Delivery This is really a question about who my users are, what their requirements and expectations are of the application, what I want to deliver to them – is it a technology demo or a useful, perhaps even attractive application ? Will it be long lasting – what are my expectations for it ? 

For me, this is primarily a technology demonstration, a learning tool and perhaps if it turns out to actually work and delivers something over and above what a conventional application might then I can keep it going and running without it costing too much. Cost is as a large consideration –

  • Amazon EC2 will cost roughly e2/day for a micro instance,
  • an ISP might charge e70/y but wont be capable of hosting a large memory JVM and give me the level of control I need, or
  • self-host at home on an old machine – electricity isnt cheap, will the machine be powerful enough, and what do I do if and when the machine
    fails ?

The intent in this exercise is to learn as much as possible about the practical sides of building such an application, and to try and do what can be done without it becoming a research project. A long the way, there are choices of course, and in the end hindsight and experience will pay rewards.

The J2EE application is to deliver a “white-label” (customisable) service for application builders who are interested in making use of crowd sourced location data. Individuals need to be secure in trusting their location, and some aspect of their identity (or a moniker for it), to the system. They need to be sure that when they allow another user to get to it that they cannon be identified from it (or a sequences of locations or recurring location usage) unless they chose to do so. 

The tags used against locations or member profiles need to be queryable usefully – not just by equivalence or presence. Any queries run against the system must be availble to non technicians (SPARQL experts) so a useable UI.
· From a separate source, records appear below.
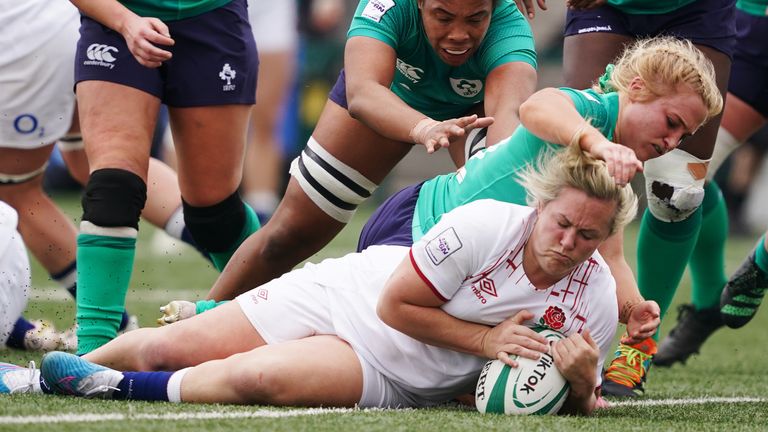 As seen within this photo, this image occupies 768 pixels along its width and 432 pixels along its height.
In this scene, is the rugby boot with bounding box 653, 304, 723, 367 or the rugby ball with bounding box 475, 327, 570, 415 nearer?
the rugby ball with bounding box 475, 327, 570, 415

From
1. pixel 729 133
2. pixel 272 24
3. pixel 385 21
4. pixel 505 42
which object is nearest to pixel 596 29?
pixel 505 42

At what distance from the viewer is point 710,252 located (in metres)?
5.66

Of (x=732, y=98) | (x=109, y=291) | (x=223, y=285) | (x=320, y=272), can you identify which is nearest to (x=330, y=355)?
(x=320, y=272)

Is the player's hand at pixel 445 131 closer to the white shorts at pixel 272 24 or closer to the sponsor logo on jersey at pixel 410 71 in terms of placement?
the sponsor logo on jersey at pixel 410 71

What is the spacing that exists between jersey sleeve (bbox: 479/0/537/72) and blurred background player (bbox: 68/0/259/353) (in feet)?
2.96

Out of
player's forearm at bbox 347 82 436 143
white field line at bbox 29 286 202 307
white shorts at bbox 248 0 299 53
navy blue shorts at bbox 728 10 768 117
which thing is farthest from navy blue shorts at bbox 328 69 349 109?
white shorts at bbox 248 0 299 53

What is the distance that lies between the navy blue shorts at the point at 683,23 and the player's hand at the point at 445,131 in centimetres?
110

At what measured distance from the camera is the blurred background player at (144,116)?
4113mm

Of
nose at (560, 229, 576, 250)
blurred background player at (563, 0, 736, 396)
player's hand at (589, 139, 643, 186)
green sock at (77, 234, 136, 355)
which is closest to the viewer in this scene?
player's hand at (589, 139, 643, 186)

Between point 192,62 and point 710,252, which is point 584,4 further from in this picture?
point 710,252

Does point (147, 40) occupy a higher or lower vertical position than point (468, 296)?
higher

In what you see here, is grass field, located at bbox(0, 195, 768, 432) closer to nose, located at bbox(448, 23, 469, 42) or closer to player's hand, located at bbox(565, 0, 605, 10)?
nose, located at bbox(448, 23, 469, 42)

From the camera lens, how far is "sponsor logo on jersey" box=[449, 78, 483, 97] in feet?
14.7

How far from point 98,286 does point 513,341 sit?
1.42 m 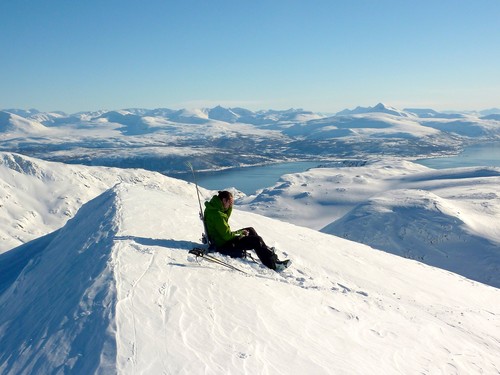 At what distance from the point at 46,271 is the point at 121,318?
5.81m

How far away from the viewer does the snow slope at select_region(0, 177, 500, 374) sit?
550 centimetres

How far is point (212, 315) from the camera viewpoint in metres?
6.63

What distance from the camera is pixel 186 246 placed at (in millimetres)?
10180

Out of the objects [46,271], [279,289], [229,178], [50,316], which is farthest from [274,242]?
[229,178]

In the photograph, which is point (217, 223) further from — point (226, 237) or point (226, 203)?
point (226, 203)

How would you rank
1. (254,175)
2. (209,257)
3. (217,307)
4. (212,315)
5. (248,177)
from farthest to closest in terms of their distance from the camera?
(254,175) → (248,177) → (209,257) → (217,307) → (212,315)

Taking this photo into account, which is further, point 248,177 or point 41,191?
point 248,177

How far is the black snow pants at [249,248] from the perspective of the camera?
32.0ft

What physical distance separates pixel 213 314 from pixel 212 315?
0.15 feet

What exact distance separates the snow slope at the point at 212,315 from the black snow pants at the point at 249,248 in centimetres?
24

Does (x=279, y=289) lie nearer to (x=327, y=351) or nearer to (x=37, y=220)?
(x=327, y=351)

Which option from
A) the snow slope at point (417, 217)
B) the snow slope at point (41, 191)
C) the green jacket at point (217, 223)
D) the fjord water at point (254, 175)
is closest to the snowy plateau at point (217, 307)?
the green jacket at point (217, 223)

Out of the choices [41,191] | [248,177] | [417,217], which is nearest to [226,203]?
[417,217]

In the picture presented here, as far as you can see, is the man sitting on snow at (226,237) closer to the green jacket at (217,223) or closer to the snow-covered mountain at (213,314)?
the green jacket at (217,223) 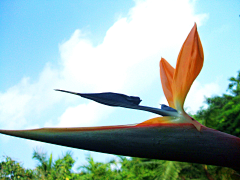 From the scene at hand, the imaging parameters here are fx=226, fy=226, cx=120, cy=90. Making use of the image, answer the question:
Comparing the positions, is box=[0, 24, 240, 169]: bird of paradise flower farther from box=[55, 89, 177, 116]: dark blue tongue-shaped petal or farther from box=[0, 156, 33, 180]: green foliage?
box=[0, 156, 33, 180]: green foliage

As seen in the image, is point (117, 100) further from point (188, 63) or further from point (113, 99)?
point (188, 63)

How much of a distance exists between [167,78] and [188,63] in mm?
155

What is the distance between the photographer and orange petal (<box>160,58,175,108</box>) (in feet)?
2.06

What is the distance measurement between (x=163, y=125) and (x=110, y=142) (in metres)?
0.10

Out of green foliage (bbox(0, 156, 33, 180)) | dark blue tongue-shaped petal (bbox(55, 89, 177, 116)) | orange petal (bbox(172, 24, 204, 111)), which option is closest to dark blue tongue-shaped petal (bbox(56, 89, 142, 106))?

The service will not deliver a SPARQL endpoint initially, but may deliver one against a subset of aggregate information over long periods of time. Similarly an API delivered for third party users is only open
to registered users or applications.

Users and groups get restricted volume access, and cannot schedule queries, while applications get unrestricted access to their own data, and query capabilities. Partners will get access to repository wide location data, but cannot see under which application or group the location was posted.

The information, and the intelligence within, created from users attracted to commercial applications (eg an anonymous FourSquare type application), are within the realm of the 3rd party delivering that
application. This web service only deals with the custodianship of location trails, user declared relationships between users, and the tags assigned by users to them.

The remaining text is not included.